- WHAT TO DO: Each line below from the one containing "Отопительный модуль конвектора" through the one containing "Guardamar del Segura" is to be given again exactly, and no line outside that span.

(DATASET Opens)

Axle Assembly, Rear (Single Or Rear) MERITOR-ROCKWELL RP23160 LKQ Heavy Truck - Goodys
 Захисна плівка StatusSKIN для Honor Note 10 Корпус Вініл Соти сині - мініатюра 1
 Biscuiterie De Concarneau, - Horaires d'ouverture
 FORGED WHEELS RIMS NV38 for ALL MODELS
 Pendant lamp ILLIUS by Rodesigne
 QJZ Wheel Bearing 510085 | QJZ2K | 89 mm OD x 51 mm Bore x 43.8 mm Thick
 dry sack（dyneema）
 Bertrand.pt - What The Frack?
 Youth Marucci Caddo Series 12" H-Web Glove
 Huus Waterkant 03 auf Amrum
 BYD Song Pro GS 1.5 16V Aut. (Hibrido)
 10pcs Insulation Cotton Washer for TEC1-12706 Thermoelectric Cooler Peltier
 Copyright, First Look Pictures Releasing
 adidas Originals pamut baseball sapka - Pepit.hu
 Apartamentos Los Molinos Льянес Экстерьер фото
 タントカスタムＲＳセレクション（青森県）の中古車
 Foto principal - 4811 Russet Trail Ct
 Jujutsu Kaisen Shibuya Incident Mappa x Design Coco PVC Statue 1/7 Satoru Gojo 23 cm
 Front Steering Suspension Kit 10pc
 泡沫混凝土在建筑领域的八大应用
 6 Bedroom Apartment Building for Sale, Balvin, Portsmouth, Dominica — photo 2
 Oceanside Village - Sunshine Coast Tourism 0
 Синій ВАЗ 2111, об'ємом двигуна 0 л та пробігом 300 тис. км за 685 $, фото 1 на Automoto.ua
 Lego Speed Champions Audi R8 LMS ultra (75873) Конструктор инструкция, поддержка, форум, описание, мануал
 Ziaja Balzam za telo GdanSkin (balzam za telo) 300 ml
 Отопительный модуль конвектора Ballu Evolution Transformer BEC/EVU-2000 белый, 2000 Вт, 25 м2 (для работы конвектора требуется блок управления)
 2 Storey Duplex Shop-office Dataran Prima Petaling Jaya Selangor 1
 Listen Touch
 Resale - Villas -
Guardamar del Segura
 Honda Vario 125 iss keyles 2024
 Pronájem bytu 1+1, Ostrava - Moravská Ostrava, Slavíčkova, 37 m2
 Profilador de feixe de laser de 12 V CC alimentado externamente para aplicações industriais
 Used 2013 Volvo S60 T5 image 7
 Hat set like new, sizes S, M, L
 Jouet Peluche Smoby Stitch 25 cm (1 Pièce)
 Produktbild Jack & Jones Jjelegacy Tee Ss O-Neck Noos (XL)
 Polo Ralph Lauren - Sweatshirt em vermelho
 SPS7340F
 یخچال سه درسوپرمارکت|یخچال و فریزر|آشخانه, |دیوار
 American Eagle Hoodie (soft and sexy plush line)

(DATASET Closes)

- OUTPUT OF THE TASK:
 Отопительный модуль конвектора Ballu Evolution Transformer BEC/EVU-2000 белый, 2000 Вт, 25 м2 (для работы конвектора требуется блок управления)
 2 Storey Duplex Shop-office Dataran Prima Petaling Jaya Selangor 1
 Listen Touch
 Resale - Villas -
Guardamar del Segura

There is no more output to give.